Stored dataset items:

+--

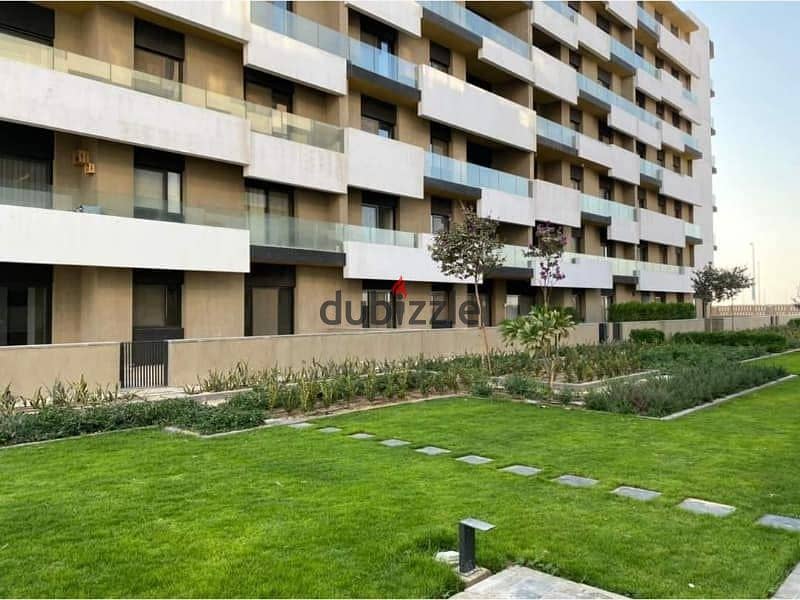 Apartment for sale, super luxurious finishing, next to Al-Shorouk, with a down payment of 725 thousand 8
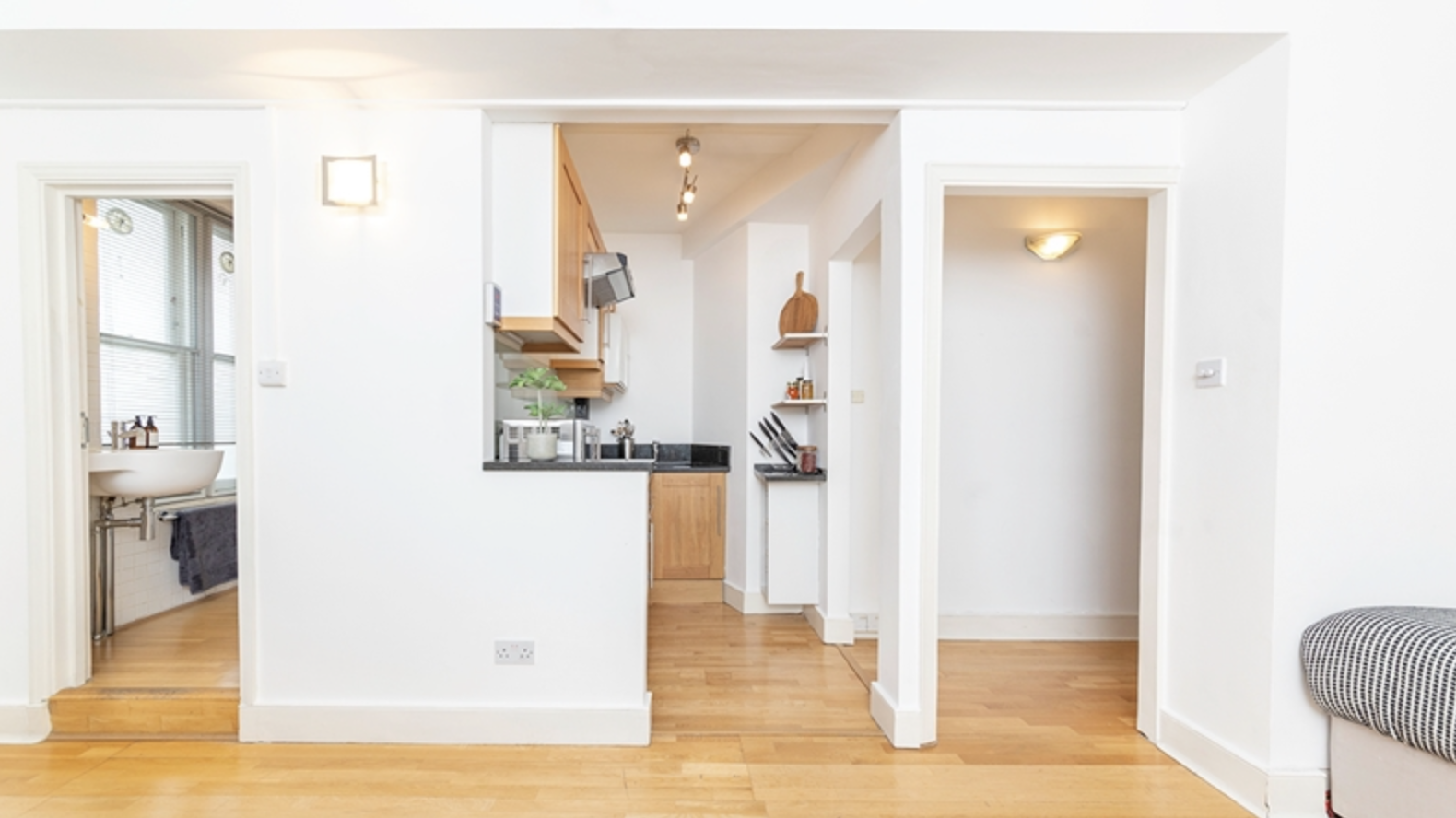 Flat 78, 39, Hill Street, London, W1J 5NA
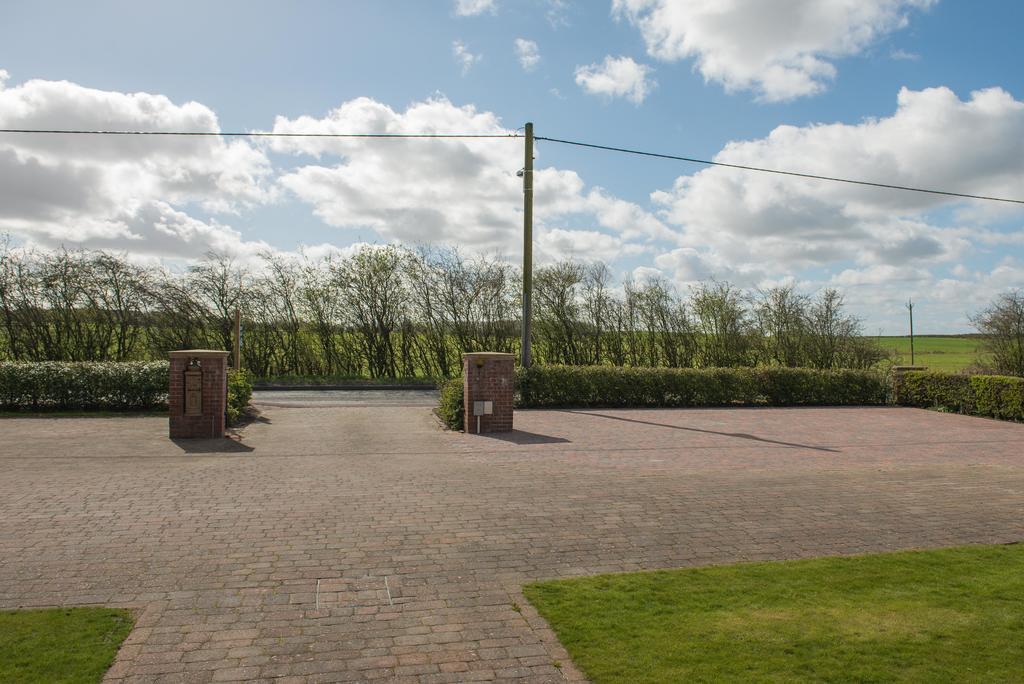 Carr Villa Dinnington Exteriör bild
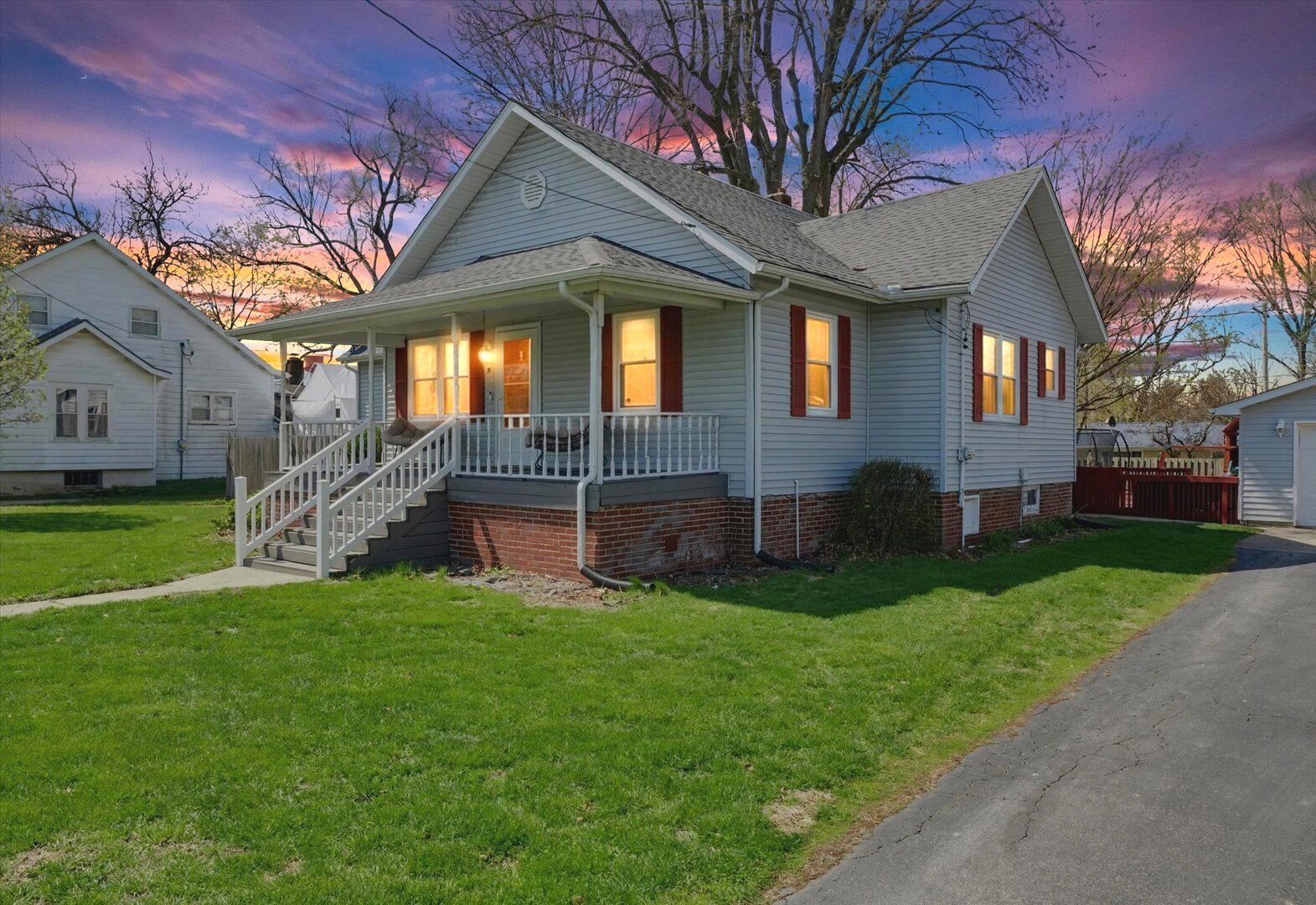 119 N Broadway Street, Fisher, IL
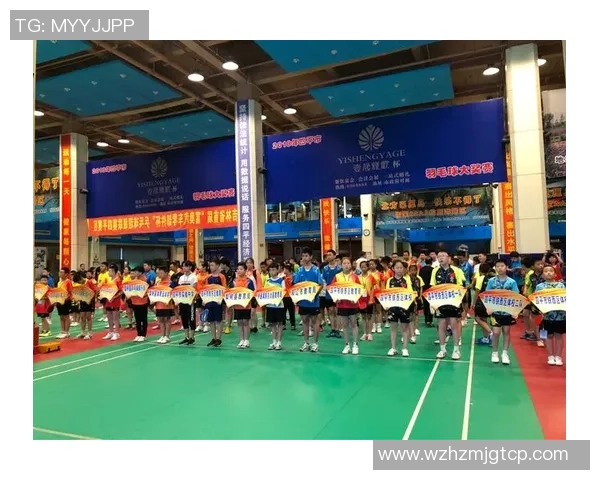 足球明星魅力四射帅气登场瞬间尽显风采与激情的完美结合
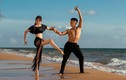 Vợ chồng Khánh Thi - Phan Hiển khiêu vũ say đắm trên bờ biển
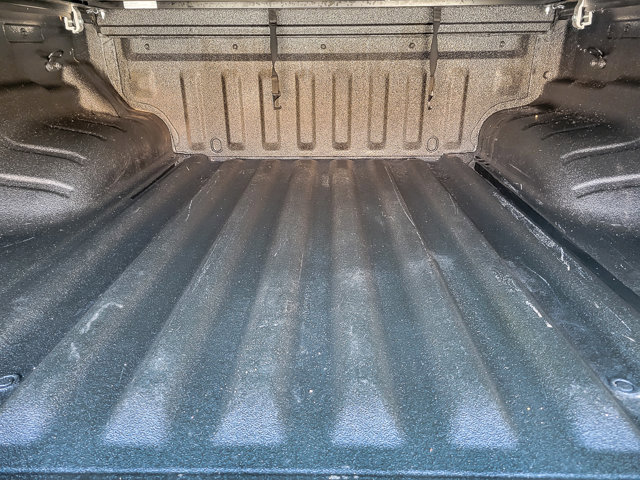 Used 2022 Nissan Frontier PRO-4X w/ Technology Package image 19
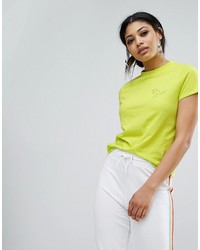 Зелено-желтая футболка с принтом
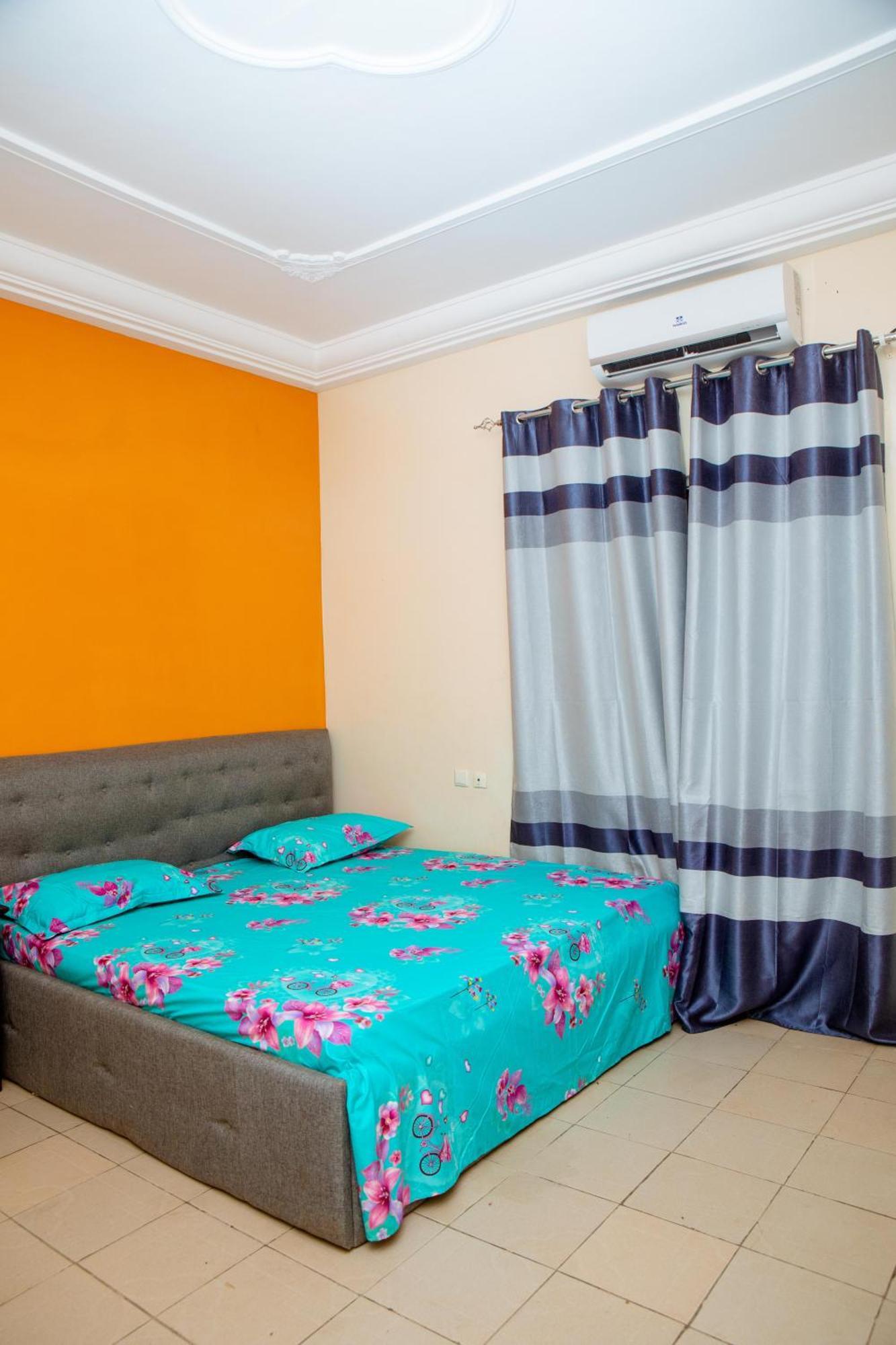 Studio Residence Condominium โลเม ภายนอก รูปภาพ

+--

What is expected
The result should be the full set of entries above, restated exactly and without images.

Reply to the exercise
 Apartment for sale, super luxurious finishing, next to Al-Shorouk, with a down payment of 725 thousand 8
 Flat 78, 39, Hill Street, London, W1J 5NA
 Carr Villa Dinnington Exteriör bild
 119 N Broadway Street, Fisher, IL
 足球明星魅力四射帅气登场瞬间尽显风采与激情的完美结合
 Vợ chồng Khánh Thi - Phan Hiển khiêu vũ say đắm trên bờ biển
 Used 2022 Nissan Frontier PRO-4X w/ Technology Package image 19
 Зелено-желтая футболка с принтом
 Studio Residence Condominium โลเม ภายนอก รูปภาพ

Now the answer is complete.